Records to use
+ + + + +

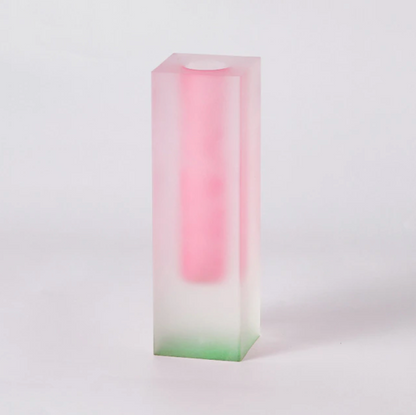 Modern Prism Acrylic Vase – Colorful Desktop Organizer for Floral Displays
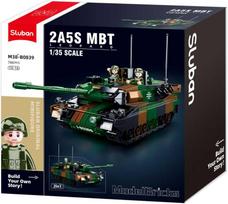 Sluban konstruktorius, LEOPARD 2A5 pagrindinis tankas 2in1, 766 det.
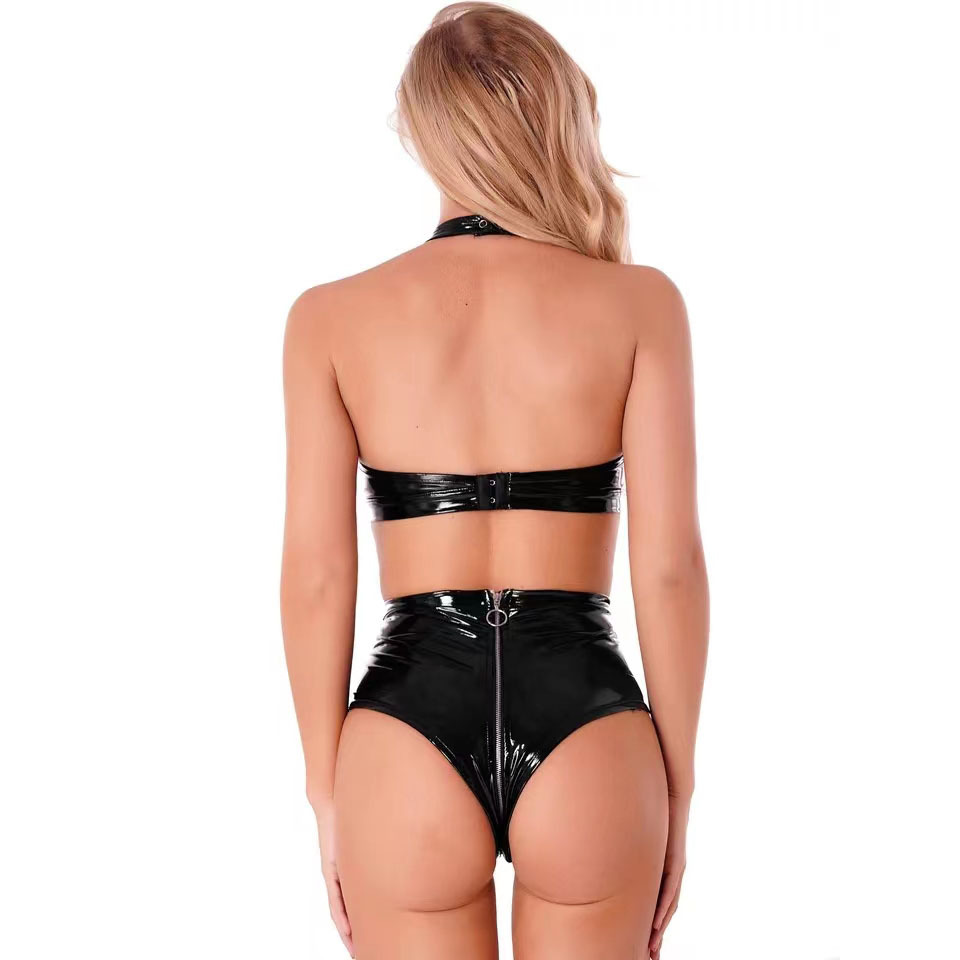 Sexy preto brilhante plutônio  - Sewing Latex avaliação e preço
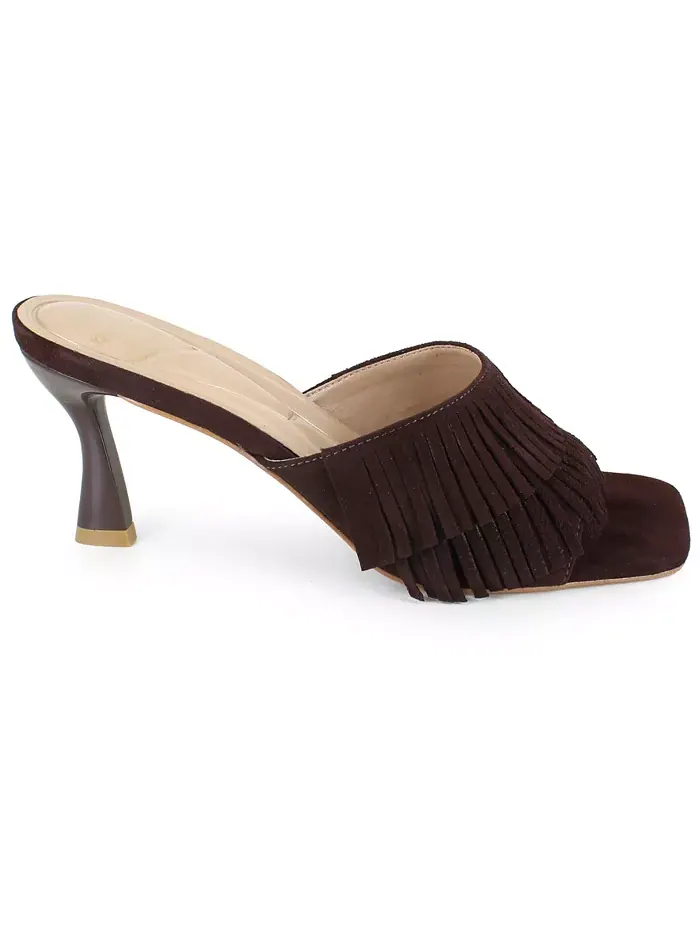 Женские сандалии-слипоны Darby Fringe Kenneth Cole New York — изображение 2 из 7, шоколад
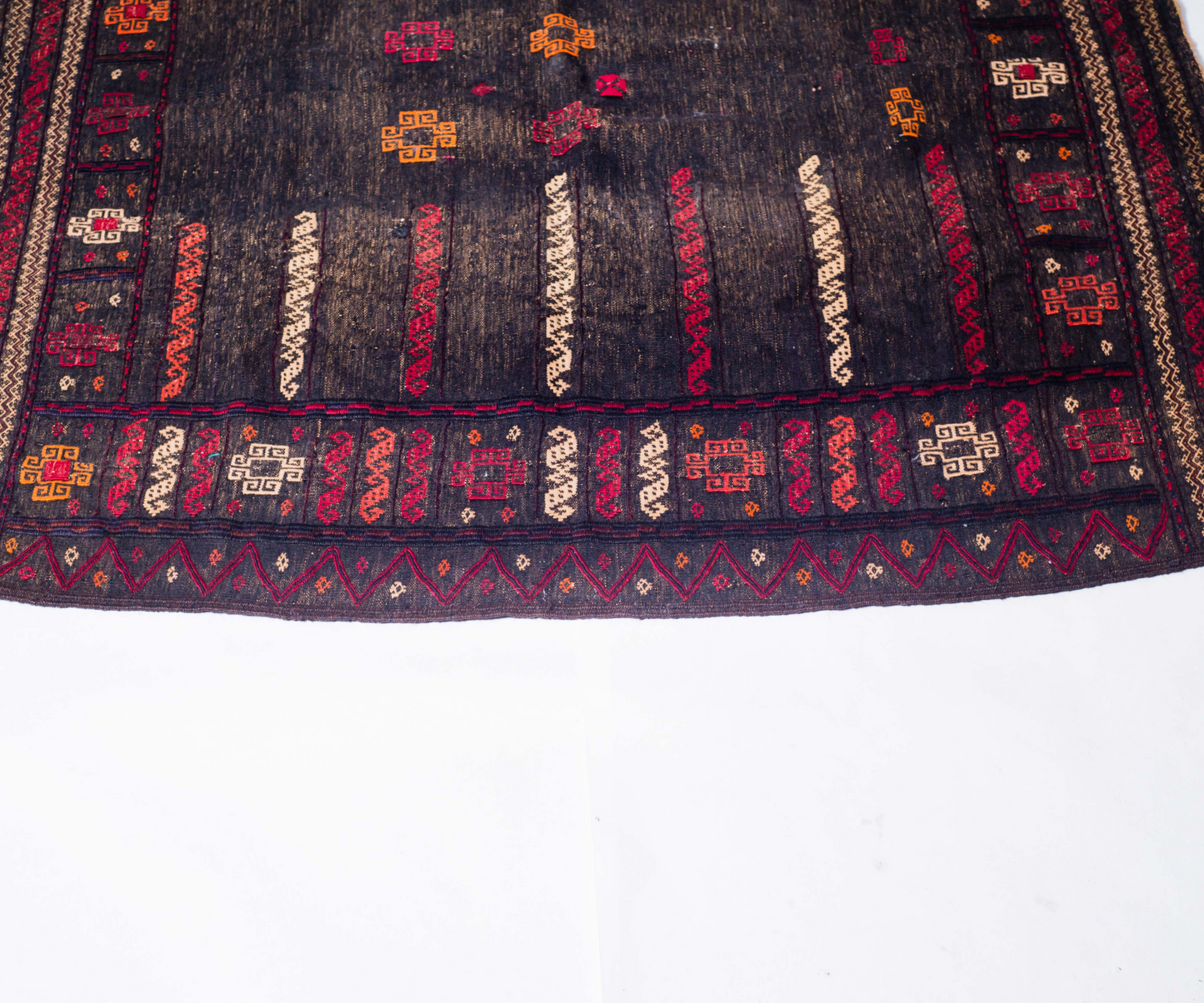 Unique Beluch Soffrai/Rukusi Rug - Finely Hand-Woven & Embroidered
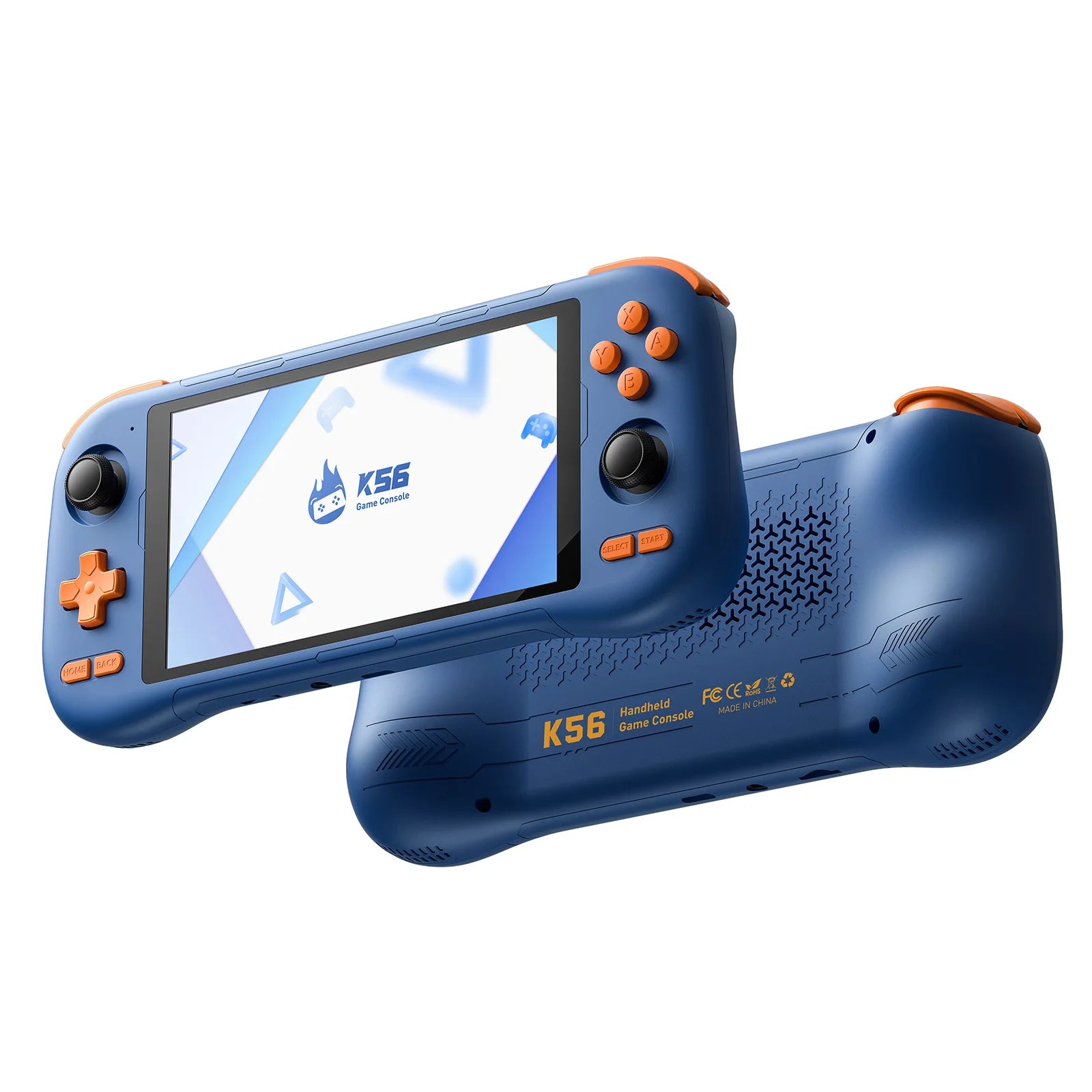 KINHANK K56 Handheld Game Console 5.5'' Touch Screen 50 Emulators for PS1/PSP/DC/SS Android 14 5000mAh WIFI5 Retro Game Player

+ + + + +

Aim of the task
Your task is to retype the listing exactly, without its pictures.

Output for this exercise
 Modern Prism Acrylic Vase – Colorful Desktop Organizer for Floral Displays
 Sluban konstruktorius, LEOPARD 2A5 pagrindinis tankas 2in1, 766 det.
 Sexy preto brilhante plutônio  - Sewing Latex avaliação e preço
 Женские сандалии-слипоны Darby Fringe Kenneth Cole New York — изображение 2 из 7, шоколад
 Unique Beluch Soffrai/Rukusi Rug - Finely Hand-Woven & Embroidered
 KINHANK K56 Handheld Game Console 5.5'' Touch Screen 50 Emulators for PS1/PSP/DC/SS Android 14 5000mAh WIFI5 Retro Game Player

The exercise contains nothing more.